While Arizona’s non-conference schedule isn’t extremely difficult, Miller said he wouldn’t be surprised if Arizona “takes some lumps” since it will be breaking in eight new players.
“A year ago, it was like the more we moved forward, the more it worked against us because we didn’t have great depth, especially up front,” Miller said. ‘Any injury or adversity, it could really paralyze our team. This year, my hope is that we can play through that. Not just on game day, but in our practices. We’ve been able to scrimmage more, go up and down earlier than we have before. And that’s just simply because we have more quality and more depth in. And I’d like to think that’ll help us.”
Stone Gettings’ shooting and passing completes a deep frontcourt
Miller said Arizona’s frontcourt, which is the deepest part of the roster, has “tools that can play different styles.”
Chase Jeter is the traditional back-to-the-basket center, Ira Lee brings energy and athleticism, Nnaji can do a little bit of everything, and Koloko is an athletic freak.
There there is Gettings, who Miller said is the “most different” from his counterparts because of his versatile offensive game. The Cornell grad transfer shot over 36 percent from 3 as a junior while also dishing 2.9 assists.
“You always look for diversity in a frontline so that not everybody’s the same,” Miller said. “In a different moment, against a different style of team, we have answers.”
Longer 3-point line will make a difference, Miller says
The NCAA extended the 3-point line by almost two feet, putting it on par with FIBA regulations. Miller, who has coached for USA Basketball, thinks it will make a big difference in the college game, especially for players who only occasionally shoot from the perimeter.

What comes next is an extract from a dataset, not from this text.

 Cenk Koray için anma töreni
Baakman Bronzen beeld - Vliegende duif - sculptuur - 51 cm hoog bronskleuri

“It’s way more challenging for them to take that big step back,” he said. “Maybe the elite shooters will still shoot a very good percentage, but I do think it will affect both the defense and the offense.”

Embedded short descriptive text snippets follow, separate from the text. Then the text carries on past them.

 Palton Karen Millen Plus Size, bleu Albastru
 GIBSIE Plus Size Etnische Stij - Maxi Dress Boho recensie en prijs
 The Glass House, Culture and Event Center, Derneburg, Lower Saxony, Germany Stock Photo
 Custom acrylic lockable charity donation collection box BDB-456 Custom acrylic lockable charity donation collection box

Miller thinks Pac-12 could have unprecedented depth
Miller thinks the Pac-12 will be “really strong” this season, citing the depth in the middle of the conference.
“There are times when we’ve had a very good upper tier or couple of teams that really could challenge deep into the NCAA Tournament, but maybe the bottom team or a couple teams at the bottom almost acted as an anchor against all of us,” he said. “But this year, I don’t believe that’s the case. I think the middle has never been stronger. It’s hard to differentiate maybe between the very top teams and maybe four through eight, four through nine.”
Miller explains why Red-Blue Game is so early this year
Arizona’s Red-Blue scrimmage is unusually early this season, taking place September 27 instead of sometime in October.
Miller listed two reasons for that. One, it allows Arizona to make an earlier impression on recruits. Two, it gives the current players a chance to get over their first-game jitters earlier than they normally would.
“So it allows us to get that done with and then move on and really get to real practices, the development part of our team,” Miller said.
Miller was diplomatic about NCAA investigation
Miller opened his presser by thanking the fans and UA administration for their support over the last two years as the program has been involved in FBI and NCAA investigations.
Miller then added he will continue to promote a culture of compliance “just like I have done for the last 10 plus years.”
“Moving forward, I’m also going to continue to follow our University of Arizona policy of not commenting on any part of any investigation that involves our university,” Miller said.
When later asked how Arizona has managed to maintain its recruiting prowess during the turmoil, Miller listed the program’s history, Tucson weather, and a dedicated fanbase.